Output all of the data exactly, keeping any images out of the copy.

• _RECORDED DATA_:

· · · · ·

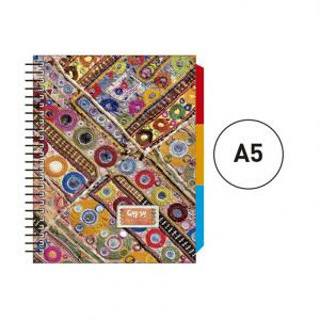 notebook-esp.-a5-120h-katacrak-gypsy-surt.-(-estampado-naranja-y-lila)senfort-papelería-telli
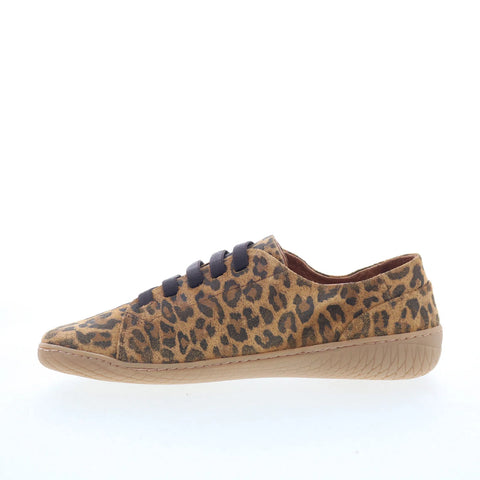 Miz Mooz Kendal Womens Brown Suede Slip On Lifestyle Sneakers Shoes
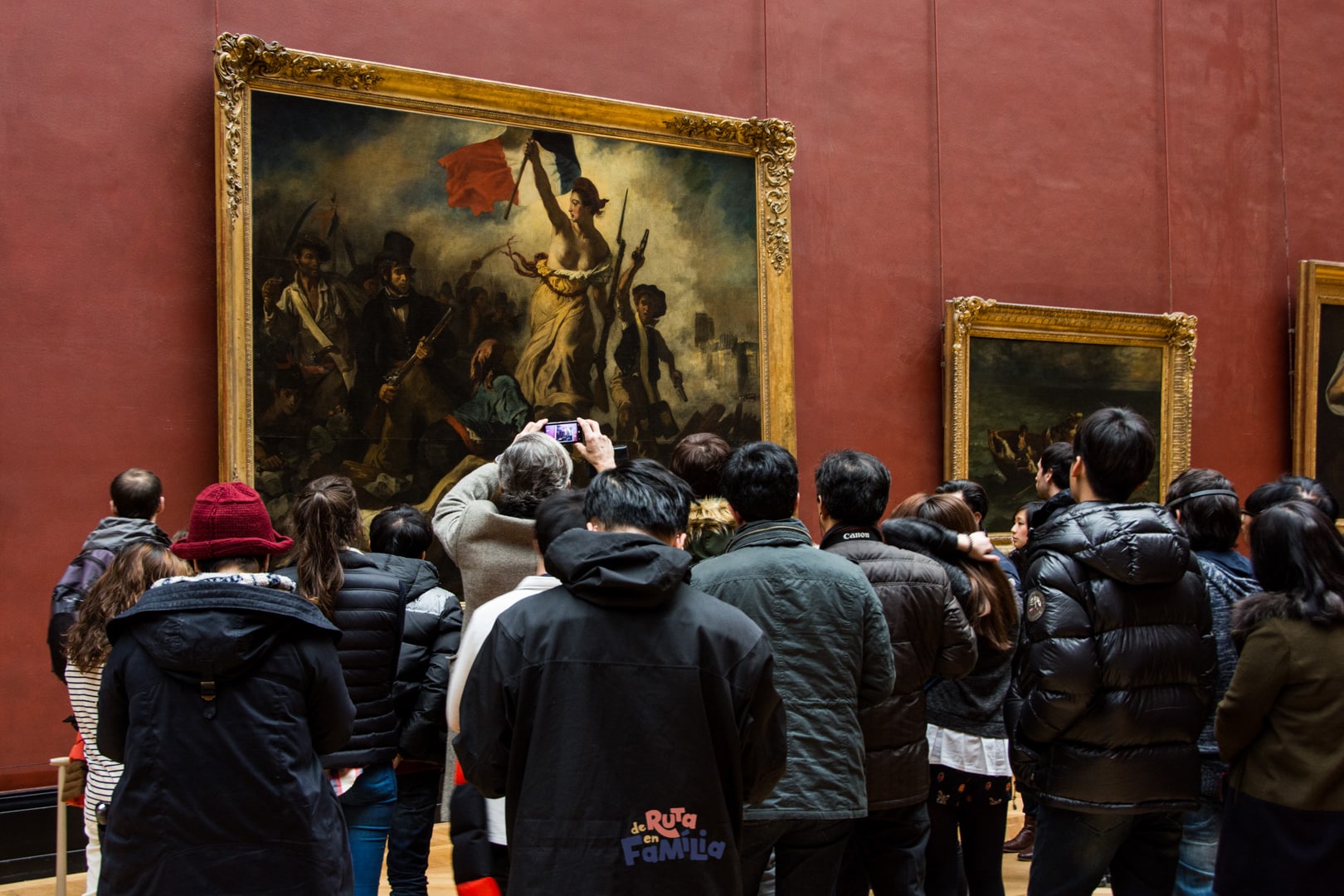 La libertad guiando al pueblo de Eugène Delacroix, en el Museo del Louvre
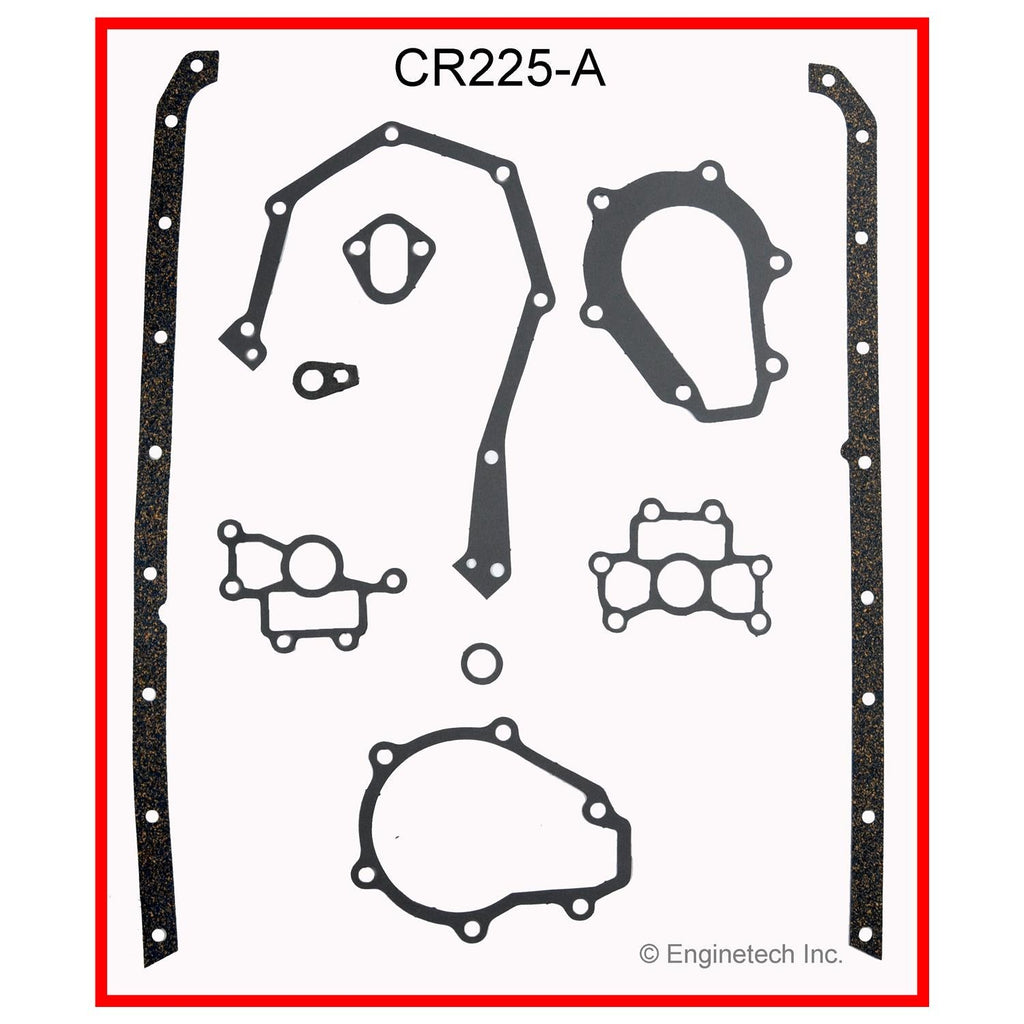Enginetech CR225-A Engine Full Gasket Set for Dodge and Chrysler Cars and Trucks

· · · · ·

• _RESULT BELOW_:
 notebook-esp.-a5-120h-katacrak-gypsy-surt.-(-estampado-naranja-y-lila)senfort-papelería-telli
 Miz Mooz Kendal Womens Brown Suede Slip On Lifestyle Sneakers Shoes
 La libertad guiando al pueblo de Eugène Delacroix, en el Museo del Louvre
Enginetech CR225-A Engine Full Gasket Set for Dodge and Chrysler Cars and Trucks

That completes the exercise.